On a $40-dollar bottle of gin, the province and the LCBO will get the majority of the money, said Smiley. Once the cost of overhead, bottling, equipment, ingredients and marketing are taken into account, he added, the distiller will be lucky to profit two dollars on the $40 bottle.
'They have huge power and sway in the industry.'- Greg Lipin, co-owner of Ottawa's North of 7 Distillery
Craft distillers were banking on the kind of graduated tax that wine and beer makers have enjoyed for years.
So, for example, distillers wouldn't have to pay tax on the first 100,000 litres of spirits they produced. It would allow craft distillers to sell a bottle of gin for $25 instead of $40, and to pocket a bit more of the earnings.
"The large distilleries, they don't want changes to this because they know it keeps the little guys out," said Smiley.
"In other words, the big distilleries have already learned how to cope under these conditions, with economies of scale. So I think they like it the way it is … Because it really does prevent the little guys from getting the thin edge of the wedge in and getting started," said Smiley.
What the government has proposed, on the other hand, is a new tax they say would put more money in distillers' pockets by replacing an old LCBO mark-up fee.
Liberal Finance Minister Charles Sousa declined an interview with CBC News.
In a statement, he wrote that the distiller's share of the revenue would increase, from 39 per cent under the old LCBO fee, to 45 per cent under the new proposed tax.

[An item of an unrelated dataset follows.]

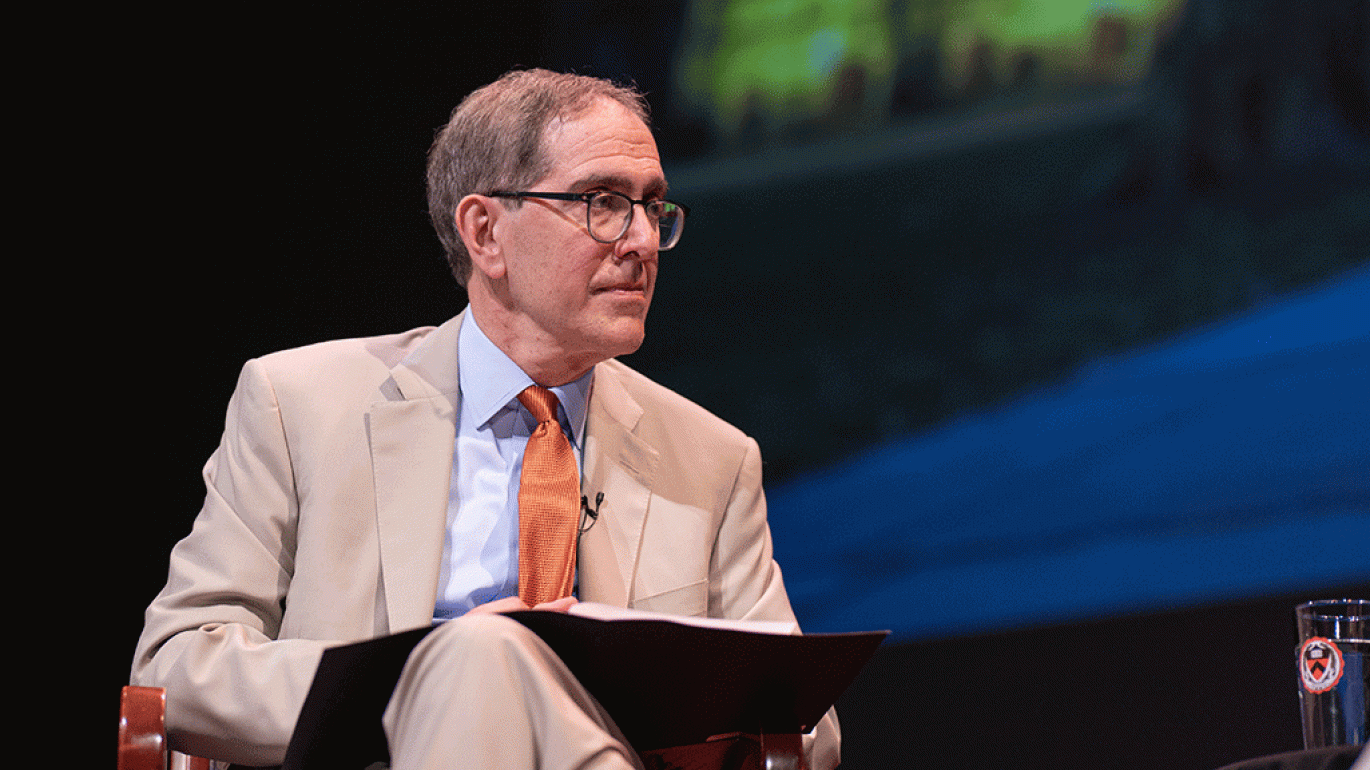 President Eisgruber '83 on stage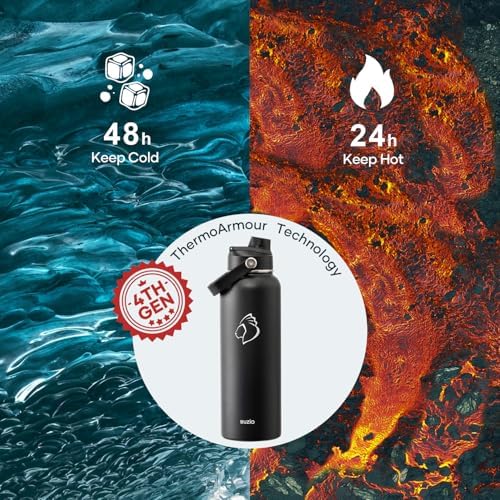 BUZIO 40oz Insulated Water Bottle, Triple Wall Vacuum Stainless Steel Water Flask with 2 lids, Lead-Free BPA-Free Straw Lid Sports Canteen Jug, Cold 48H & Hot 24H- Black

The proposed law would give distillers a tax exemption on up to 1,250 litres of spirits for promotional purposes in order to help them make more people aware of their product.
'Super-complicated math problem'
The trouble with that exemption, according to Lipin, is that unlike the huge corporate distillers, North of 7 can't afford to give its premium products away.
On top of that, small distillers argue the new tax gives the Crown more revenue on all spirits sold, said Chevy Paterson, a co-owner of Guelph-based Dixon's Spirits.
"Why we're all mad at this is because they tied us up in this Premier's Advisory Council for two years," he said. "They made us all sign non-disclosure agreements so we couldn't talk to our elected representatives."
"We spent so much time and resources and effort about actual education of how our business works," he said. "This tax is so complex … we couldn't even figure it out," he said. "It's like a super-complicated math problem."
'Where's the rationale?'
"It doesn't make any sense," NDP Finance critic Catherine Fife said. "We put the question to the minister of finance, 'Where's the rationale? Explain how a 61.5 per cent tax at point-of-sale is going to be helpful to this industry?' Those questions have obviously gone unanswered."
Apart from the taxation levels, said Smiley, craft distillers face other impediments:
- In order to get products to 'licensees' such as bars and restaurants, distillers have to first sell their products to the LCBO, who in turn sells to the licensees. Craft brewers and winemakers can market and deliver directly.
- Big distilleries sell large volumes of spirits for bar-rail mixed drinks. Craft distilleries are never used "on the rail" because they're too expensive. With a graduated tax, small distilleries could bring down their prices and become an option for mixed drinks.
"Most of my Canadian clients, they start selling in the U.S. before they start selling in Canada sometimes," said Smiley, who adds he isn't hopeful the current government will change its plans.
"I do believe that this discussion is not over … We may not get anything more out of the Kathleen Wynne government but certainly a subsequent government — either Liberal or Conservative — could offer some relief in this respect. I wish I could be more encouraging."